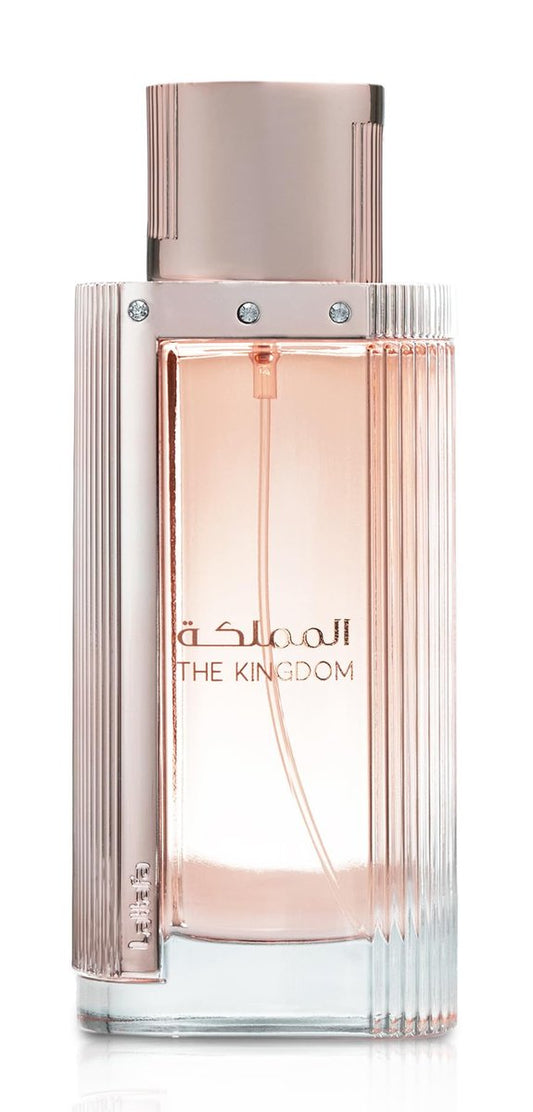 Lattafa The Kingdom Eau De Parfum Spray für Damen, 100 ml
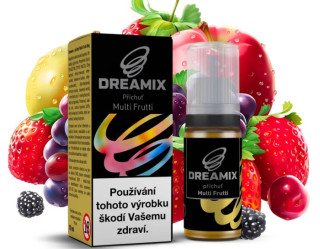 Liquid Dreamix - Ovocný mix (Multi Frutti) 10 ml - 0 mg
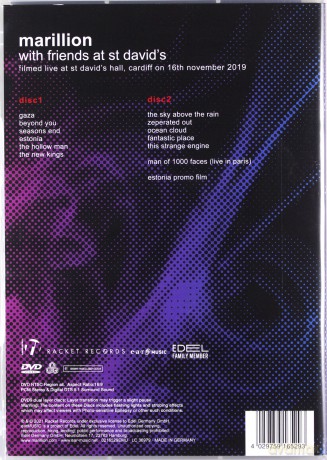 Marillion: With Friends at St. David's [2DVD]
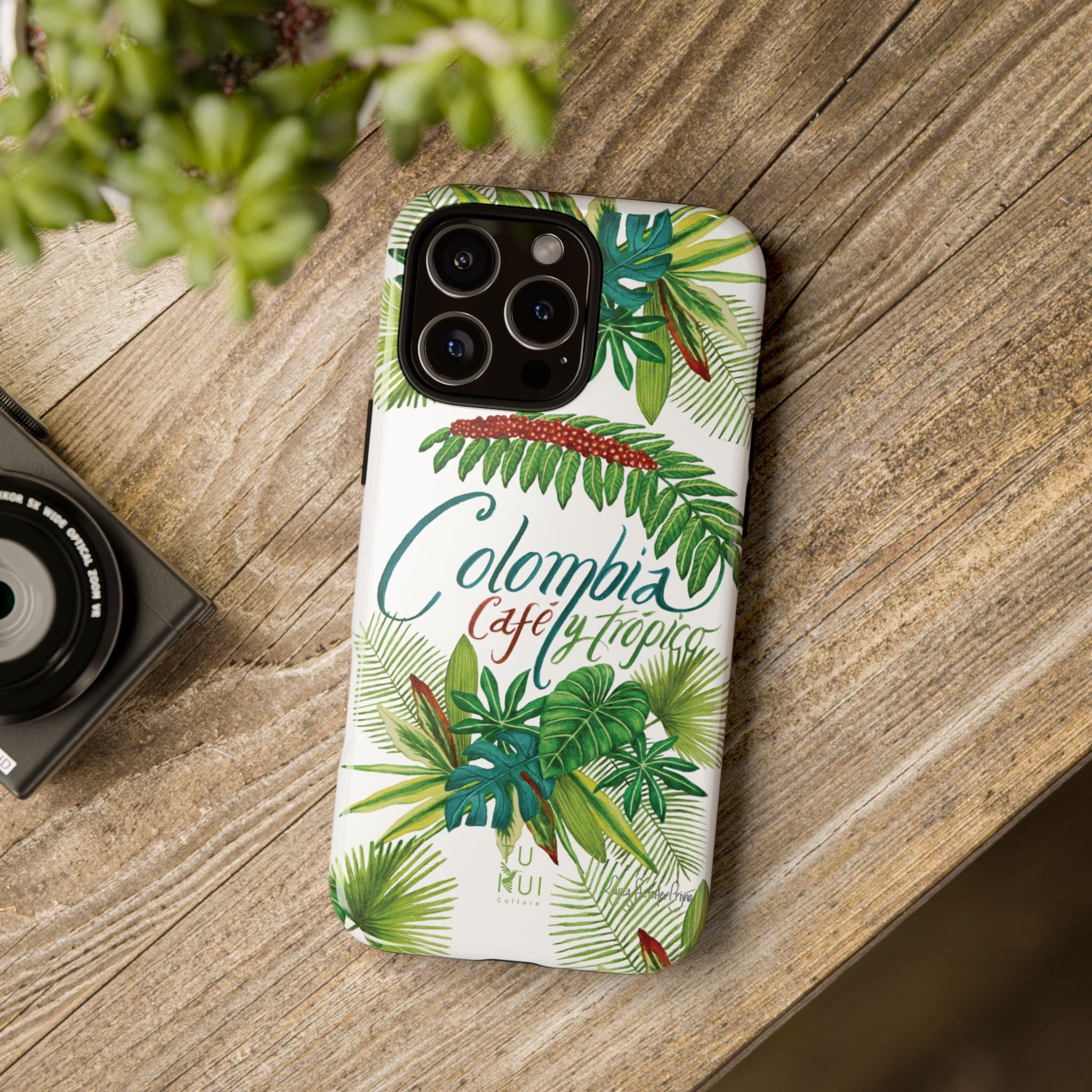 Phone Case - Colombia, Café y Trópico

...

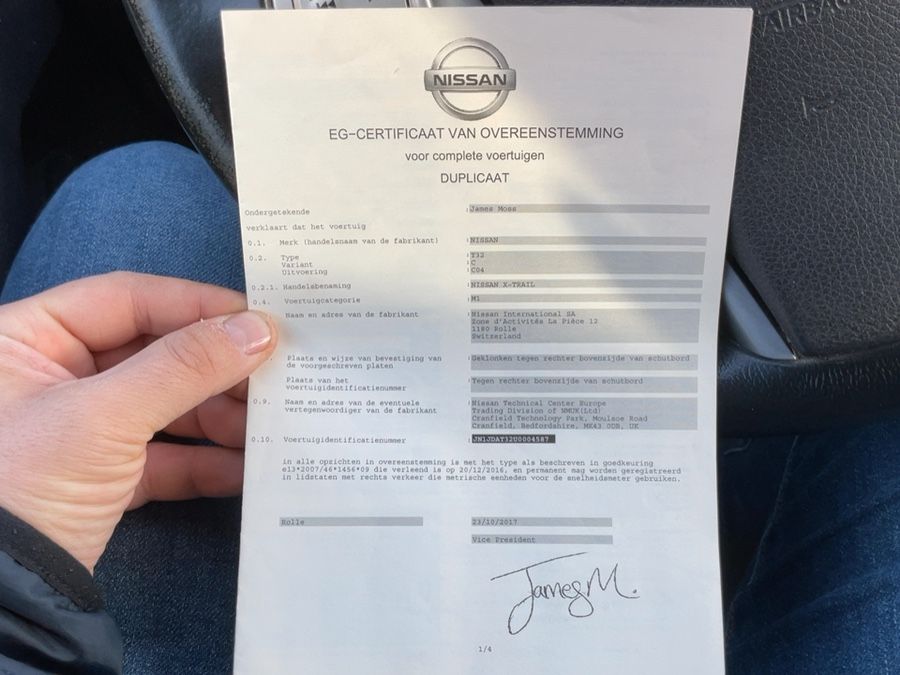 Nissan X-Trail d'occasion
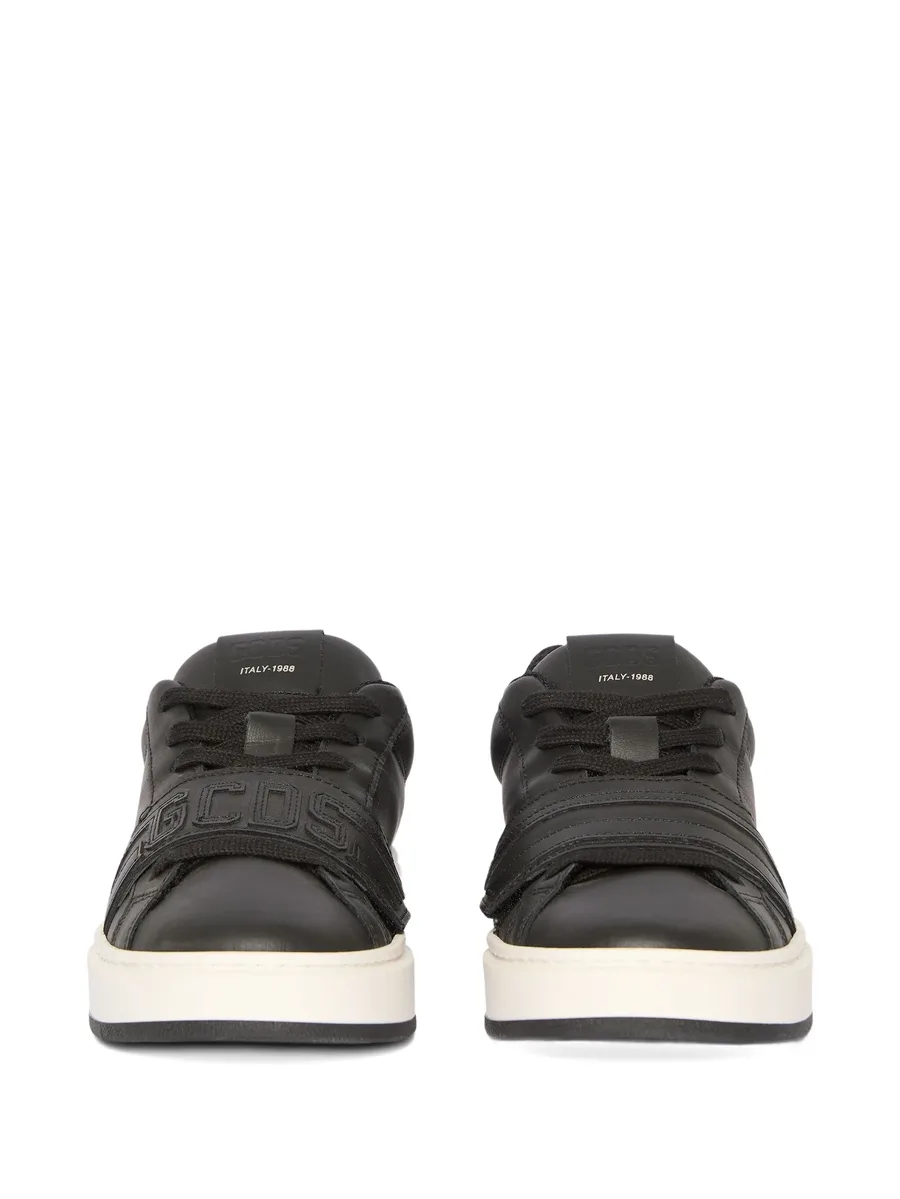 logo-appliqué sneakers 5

...

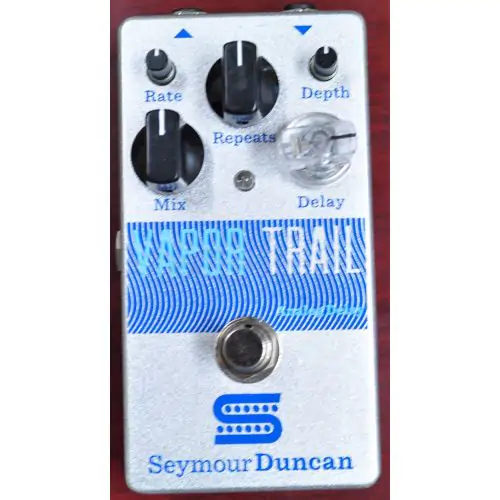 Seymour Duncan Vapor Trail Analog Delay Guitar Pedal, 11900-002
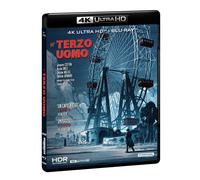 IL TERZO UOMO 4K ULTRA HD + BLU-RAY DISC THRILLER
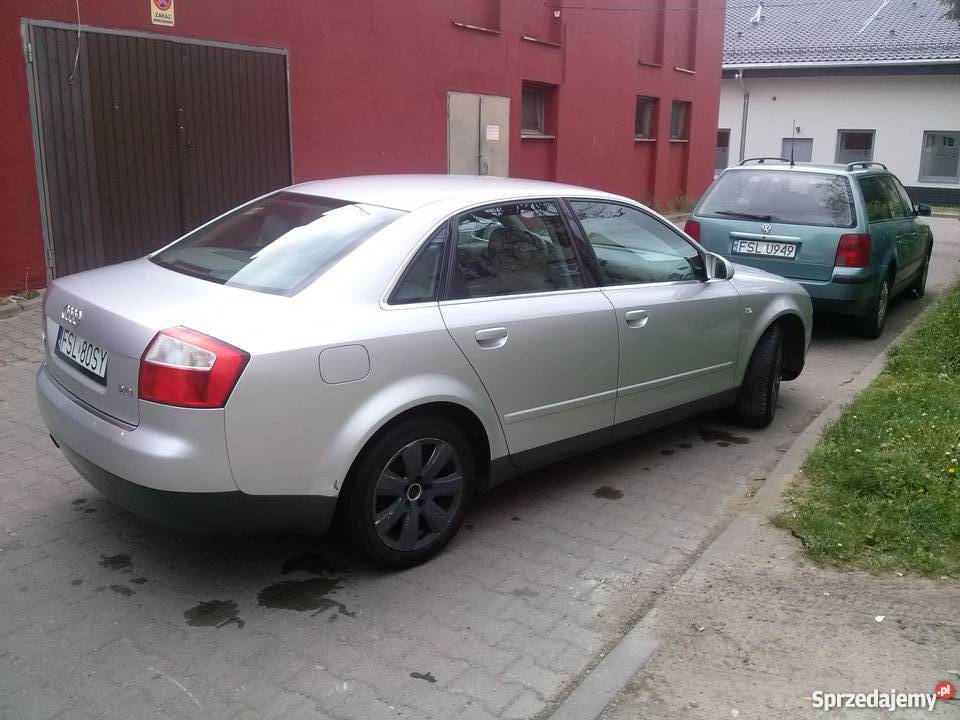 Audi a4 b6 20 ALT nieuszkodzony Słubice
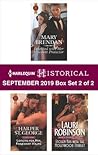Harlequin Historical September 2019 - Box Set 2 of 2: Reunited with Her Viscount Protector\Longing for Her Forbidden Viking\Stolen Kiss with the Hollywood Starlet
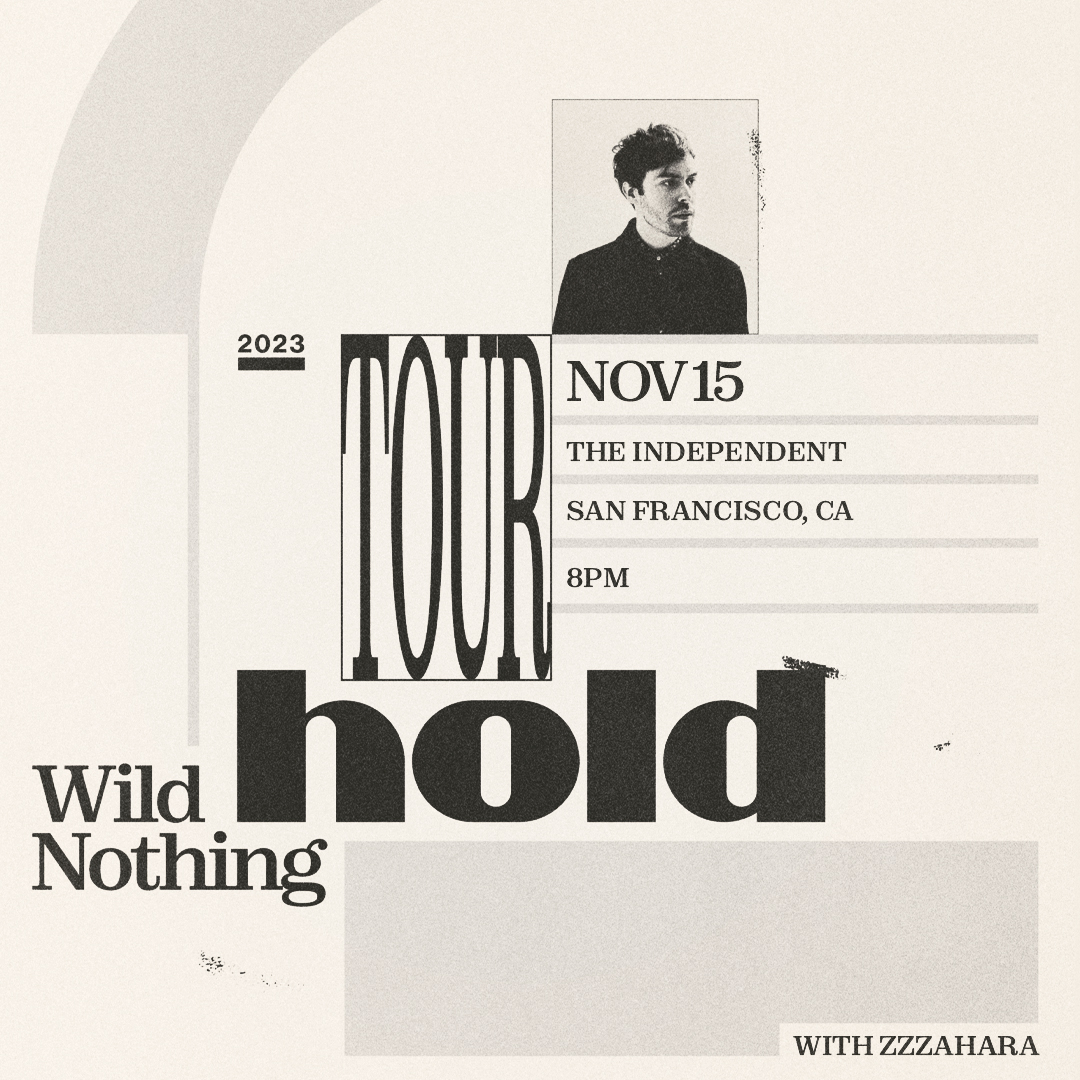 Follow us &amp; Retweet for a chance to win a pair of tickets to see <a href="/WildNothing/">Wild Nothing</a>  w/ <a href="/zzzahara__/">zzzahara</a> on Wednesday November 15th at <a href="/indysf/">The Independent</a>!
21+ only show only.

Work task =
Working from the entries above, please transcribe only the lines from the line with "Lattafa The Kingdom" through the line with "Phone Case - Colombia, Café y Trópico", exactly, with both end lines and without pictures.

Solved exercise =
 Lattafa The Kingdom Eau De Parfum Spray für Damen, 100 ml
 Liquid Dreamix - Ovocný mix (Multi Frutti) 10 ml - 0 mg
 Marillion: With Friends at St. David's [2DVD]
 Phone Case - Colombia, Café y Trópico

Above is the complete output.